Parte del desafío del Fundador o la Primera Generación y las generaciones que sigan integrándose en la empresa familiar, será consolidar lo creado para no solo mantener el valor, sino que aumentarlo. Esto implicará que la empresa familiar evolucionará ya no de manera natural sino que de manera dirigida e intencional. Mayor complejidad de los negocios, mayor compromiso de normas jurídicas aplicables, incremento de la exposición a riesgos de distinta naturaleza, la necesidad implementar reglas de cumplimiento normativo (tanto familiares como empresariales) más exigentes, necesidad de visualizar con más profundidas temas societarios, financieros, laborales y tributarios, además de la potencial necesidad de cumplir con estándares de compañías más grandes con las que operan o desafíos crossborder, hacen evidente que su desarrollo y sobrevivencia implica la necesidad de una adecuada asesoría jurídica y de negocios.

En esta línea, será fundamental para que esta evolución dirigida tenga éxito que haya un sistema de instancias y normas claras que regulen la relación entre familia y empresa. En este mismo sentido, toman relevancia los Gobiernos Corporativos Familiares y los Gobiernos Corporativos para la administración de la empresa familiar.

Hemos podido observar que aquellas empresas que no cuentan con asesoría jurídica adecuada, asumen el riesgo de fracasar en su intento de expansión y tansmisión generacional, o si lo logran, la dificultad y costos pueden ser mucho mayores. El gran desafío de las empresas familiares es sobrevivir y profesionalizarse de modo de asegurar su máxima rentabilidad y sustentabilidad/sostenibilidad en el tiempo. En este proceso, la mirada legal, de auditoria y cumplimiento es clave.

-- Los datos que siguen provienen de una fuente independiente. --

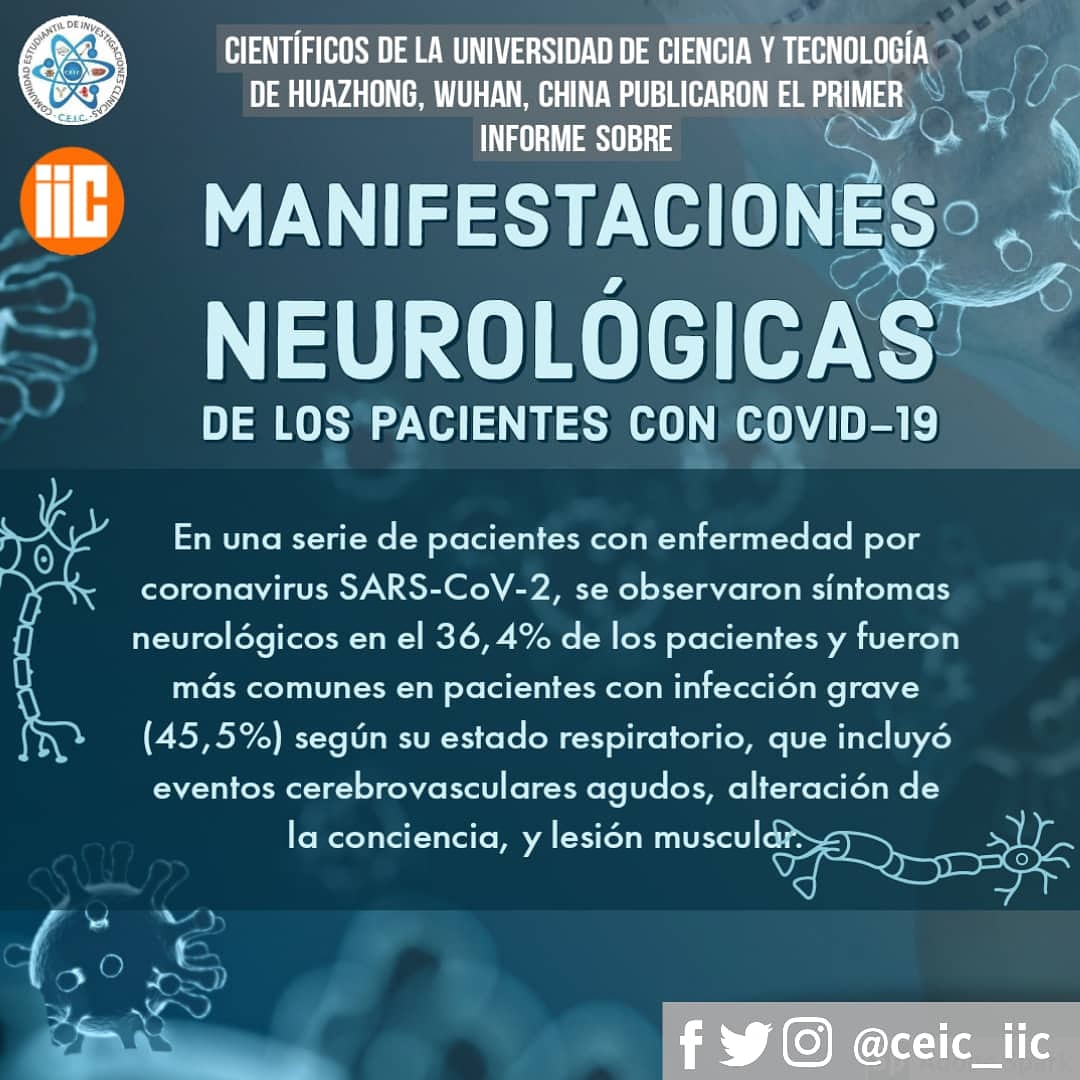 CEIC_IIC's tweet photo. Se debe prestar mucha atención a sus manifestaciones neurológicas, especialmente en aquellos con infecciones graves, que pueden contribuir a su muerte.

Fuente: Mao L, Jin H, Wang M, et al. Neurologic Manifestations of Hospitalized Patients With Coronavirus Disease 2019 in Wuhan. https://t.co/h4rGIqSfE7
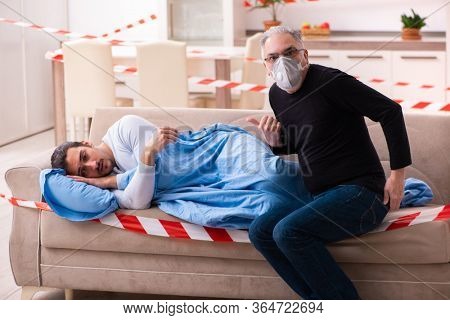 Father and son in coronavirus disease concept at home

En este sentido, el tiempo es clave, más aun cuando se busca profesionalizar la empresa familiar del emprendimiento inciado por el fundador a la empresa que se desarrolla e integra a distintas generaciones de la familia. Anticiparse y hacerse asesorar con anticipación para poder abordar preguntas que si bien, pueden no ser una realidad en el presente, lo serán en un futuro no tan lejano, como por ejemplo: ¿Quienes pueden participar en la empresa familiar?, ¿Cómo hago que todos se sientan integrados pero no todos participan de la empresa?, ¿Pueden trabajar en la empresa los conyuges de mis hijos o hijas? ¿Cómo lo regulo?, ¿Esta preprarada la familia en caso de que el fundador muera?, etc.

Todas estas preguntas son legitimas y de no ser abordadas a tiempo y con anticipación, sin una potencial fuente de conflictos, con alcance suficienter para afectar la empresa o la misma flexibilidad y adaptabilidad de la familia empresaria. Desarrollar Asamblea y/o Consejo Familiar, Protocolo Familiar, Genograma Familiar y otras herramientas, ayudan a resolver estos temas y son un buen comienzo para proteger no solo el patrimonio de la empresa familiar sino que también el patrimonio humano familiar, que es el que mueve al primero.